• Your instructions
Return each line, exactly as given, from the one containing "Rhodesia and Nyasaland" through the end of the entries below, and skip the rest.
==*==
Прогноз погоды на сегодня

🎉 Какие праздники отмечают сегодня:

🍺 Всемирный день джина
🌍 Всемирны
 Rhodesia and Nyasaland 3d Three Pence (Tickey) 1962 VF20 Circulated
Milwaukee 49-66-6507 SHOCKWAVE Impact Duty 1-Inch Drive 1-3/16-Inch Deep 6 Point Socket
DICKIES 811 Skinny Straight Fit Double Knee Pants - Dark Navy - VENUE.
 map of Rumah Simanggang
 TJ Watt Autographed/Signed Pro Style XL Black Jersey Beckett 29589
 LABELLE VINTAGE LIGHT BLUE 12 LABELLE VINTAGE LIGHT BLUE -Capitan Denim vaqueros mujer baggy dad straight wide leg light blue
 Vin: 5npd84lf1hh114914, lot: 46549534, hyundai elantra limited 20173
==*==
• Result
 Rhodesia and Nyasaland 3d Three Pence (Tickey) 1962 VF20 Circulated
Milwaukee 49-66-6507 SHOCKWAVE Impact Duty 1-Inch Drive 1-3/16-Inch Deep 6 Point Socket
DICKIES 811 Skinny Straight Fit Double Knee Pants - Dark Navy - VENUE.
 map of Rumah Simanggang
 TJ Watt Autographed/Signed Pro Style XL Black Jersey Beckett 29589
 LABELLE VINTAGE LIGHT BLUE 12 LABELLE VINTAGE LIGHT BLUE -Capitan Denim vaqueros mujer baggy dad straight wide leg light blue
 Vin: 5npd84lf1hh114914, lot: 46549534, hyundai elantra limited 20173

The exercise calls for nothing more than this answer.